Ja, es ließen sich auch Passagiermaschinen chartern, um die Bundesbürger heimzuholen. Aber großes Durcheinander, öffentliches Wehklagen und herzzerreißende Reportagen über hilflose, im Stich gelassene, am Flughafen campierende Urlauber wären garantiert. Der Wahlkampf hätte sein Thema gefunden. Man kann es der Bundesregierung nicht verdenken, dass sie das vier Wochen vor der Bundestagswahl vermeiden wollte. Der Notkredit für Air Berlin ist deshalb kein Ausweis unzulässiger Wirtschaftsnähe.

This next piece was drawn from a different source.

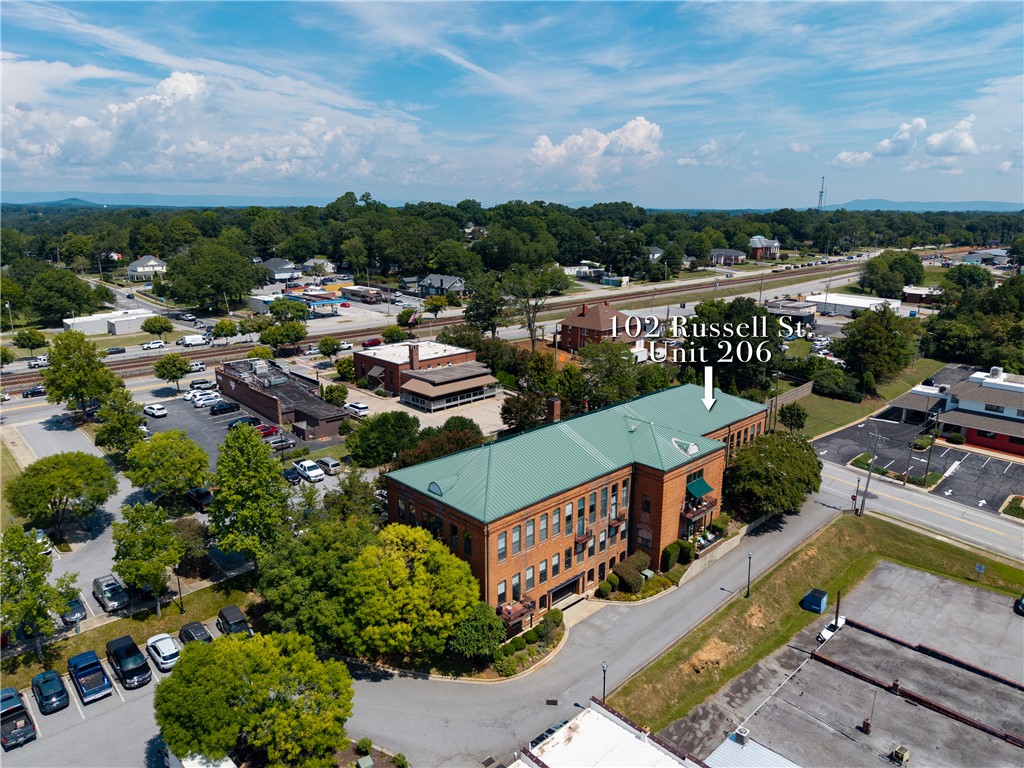 102 Russell Street 206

Anders sieht es aus, wenn Bundesverkehrsminister Alexander Dobrindt (CSU) sagt: „Wir brauchen einen deutschen Champion im internationalen Luftverkehr" und damit die Lufthansa meint. Dieses Unternehmen, die Nummer Eins auf dem deutschen Markt, steht auch ohne Parteinahme der Regierung gut da. Die bisherige Konkurrenz durch Air Berlin, die Nummer Zwei, hat ihr nicht geschadet.

Politische Interventionen sind nicht nötig

Wenn die Lufthansa nun einen Teil der insolventen Air Berlin schlucken will, ist das eine unternehmerische Entscheidung, sollte aber kein politisches Ziel darstellen. Wirtschaftsministerin Brigitte Zypries (SPD) setzt sich trotzdem dafür ein. Und ihr Staatssekretär Matthias Machnig (SPD) fordert gleich noch, dass der Nürnberger Flugunternehmer Hans Rudolf Wöhrl Air Berlin nicht komplett übernimmt – damit die Lufthansa ihren Teil abbekommt. Zu beurteilen, ob das Wöhrl-Modell funktionieren kann, sollte der Politiker ebenfalls dem Geschäftsmann überlassen.

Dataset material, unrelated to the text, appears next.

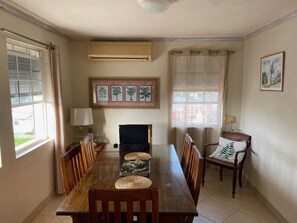 Dining - Stunning 2-bed Apartment in Silver Sands sea Views (Silver Sands)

Der normale Gang der Dinge bestünde darin, dass die Firmen untereinander und mit dem Insolvenzverwalter verhandeln. Das Kartellamt und die EU-Wettbewerbsbehörde prüfen danach, ob die Air Berlin-Nachfolger durch dominierende Marktmacht die Verbraucherpreise zu hoch halten können. Politische Interventionen in den Markt sind hier nicht nötig, weil kein Anliegen von öffentlichem Belang gefährdet ist. Ja, nicht wenige der Arbeitsplätze bei Air Berlin sind ebenso bedroht wie die Vergütung der Beschäftigten beim neuen Arbeitgeber – das allerdings bei jeder der in Frage kommenden Lösungen. Konkrete Argumente, die die Lufthansa-Variante so erstrebenswert machte, nennen die beteiligten PolitikerInnen nicht.

Bleibt die Erkenntnis, dass die große Koalition wieder einmal ein offenes Ohr für die Interessen eines Konzerns hat – hier der Lufthansa. Champion-Freund Dobrindt ist derselbe, der die Autoindustrie vor der Einhaltung der Abgas-Grenzwerte und den Schadensersatzforderungen der Diesel-Fahrer schützt. Das Wirtschaftsministerium tut alles dafür, dass die Braunkohlekonzerne ihre klimschädlichen Kraftwerke weiterlaufen lassen können. Das ist zu große Wirtschaftsnähe. Darin verstehen Union und SPD sich sehr gut.